Author: Sri Aurobindo

Last Updated: September 27, 2008

Sri Aurobindo on Art

We now come to the kernel of the subject, the place of art in the evolution of the race and its value in the education of and actual life of the nation. The first question is whether the sense of the beautiful has any effect on the life of the nation. It is obvious, from what we have already written, that the manners, the social culture and the restraint in action and expression which are so large a part of national prestige and dignity and make a nation admired like the French, loved like the Irish or respected like the higher-class English, are based essentially on the sense of form and beauty, of what is correct, symmetrical, well-adjusted and fair to the eye and pleasing to the imagination. The absence of these qualities is a source of national weakness...The mind is profoundly influenced by what it sees and, if the eye is trained from the days of childhood to the contemplation and understanding of beauty, harmony and just arrangement in line and colour, the tastes, habits and character will be insensibly trained to follow a similar law of beauty, harmony and just arrangement in the life of adult man. This was the great importance of the universal proficiency in the arts and crafts or the appreciation of them which was prevalent in ancient Greece, in certain European ages, in Japan and in the better days of our own history. Art galleries cannot be brought into every home, but, if all the appointments of our life and furniture of our homes are things of taste and beauty, it is inevitable that the habits, thoughts and feelings of the people should be raised, ennobled, harmonised, made more sweet and dignified.

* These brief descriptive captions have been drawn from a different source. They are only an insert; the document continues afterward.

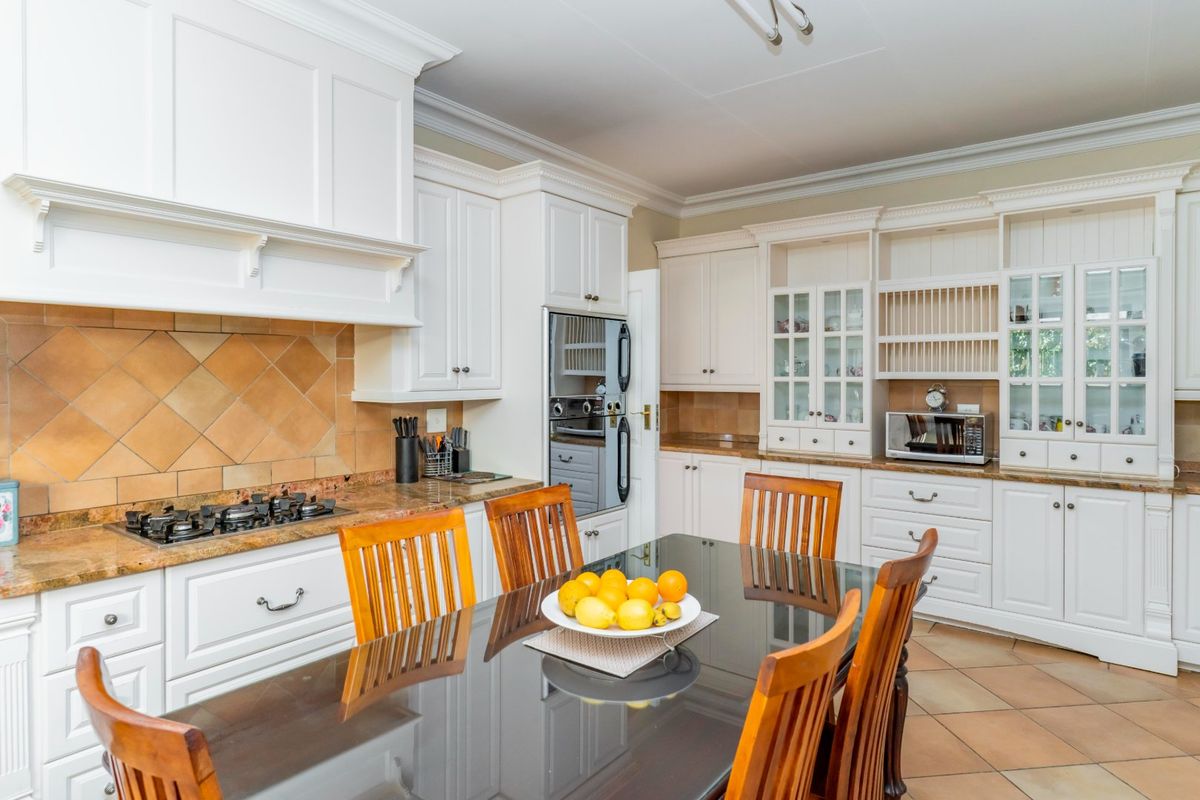 A classic kitchen featuring white cabinetry, granite countertops, a gas hob, and integrated oven, complemented by tiled flooring and decorative crown molding.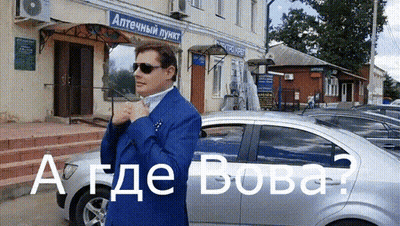 A Man In A Blue Suit Is Standing In Front Of A Building That Says " Аптечный Пункт " On It GIF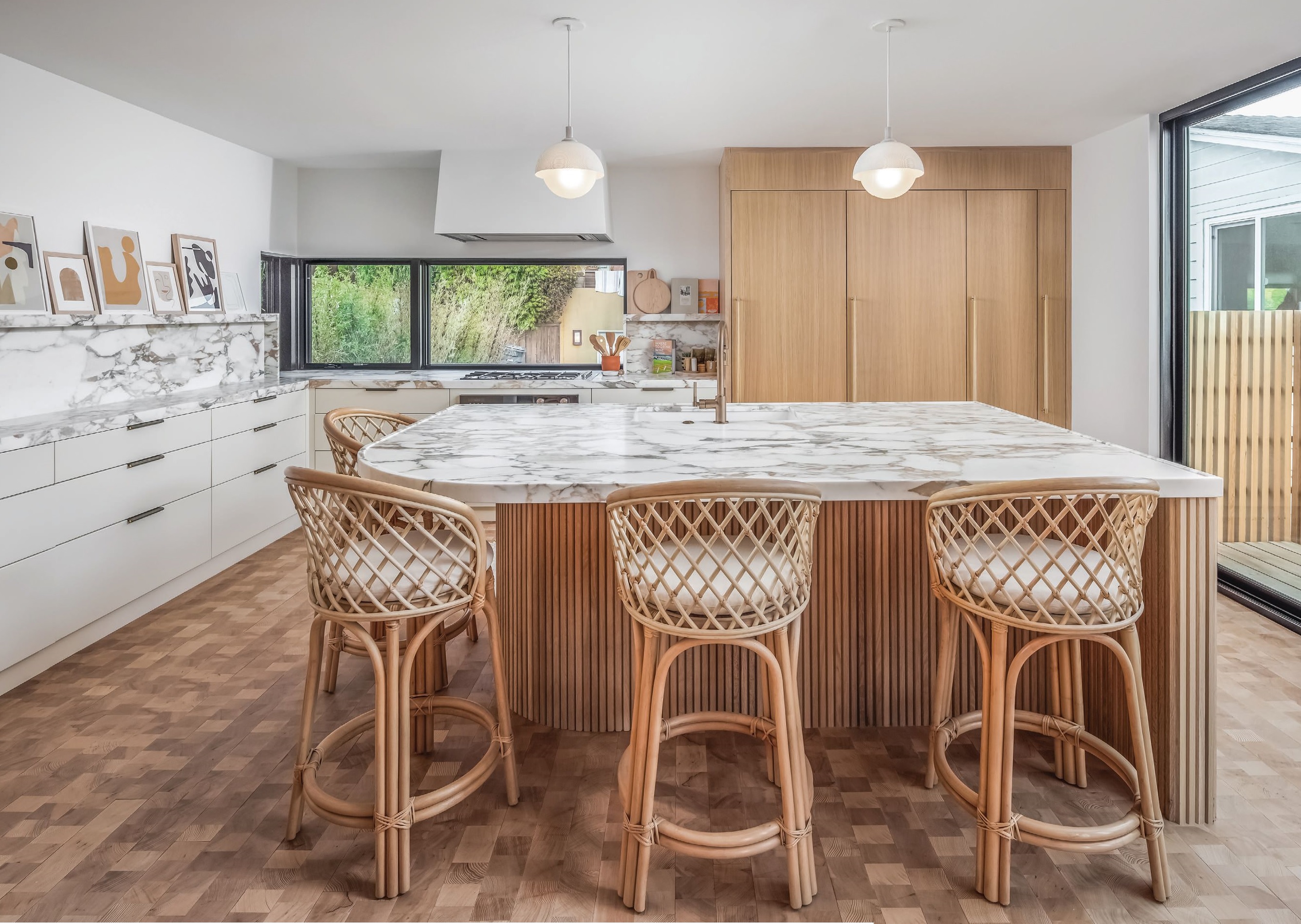 Hemlock flooring and birch cabinetry give the modern kitchen a soft edge. PHOTO BY SAM CHEN/ALOHA PHOTOGRAPHY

A similar result is produced on the emotions by the study of the beautiful or noble art. We have spoken of the purification of the heart, the cittasuddhi, which Aristotle assigned as the essential office of poetry, and have pointed out that it is done in poetry by the detached and disinterested enjoyment of the eight rasas or forms of emotional aestheticism which make up life unalloyed by the disturbance of the lower self-regarding passions. Painting and sculpture work in the same direction by different means. Art sometimes uses the same means as poetry but cannot do it to the same extent because it has not the movement of poetry; it is fixed, still, it expresses only a given moment, a given point in space and cannot move freely through time and region. But it is precisely this stillness, this calm, this fixity which gives its separate value to Art. Poetry raises the emotions and gives each its separate delight. Art stills the emotions and teaches them the delight of a restrained and limited satisfaction, - this indeed was the characteristic that the Greeks, a nation of artists far more artistic than poetic, tried to bring into their poetry. Music deepens the emotions and harmonises them with each other. Between them music, art and poetry are a perfect education for the soul; they make and keeps its movements purified, self-controlled, deep and harmonious. These, therefore, are agents which cannot be profitably neglected by humanity on its onward march or degraded to the mere satisfaction of the sensuous pleasure which will disintegrate rather than build the character. They are, when properly used, great educating, edifying and civilising forces.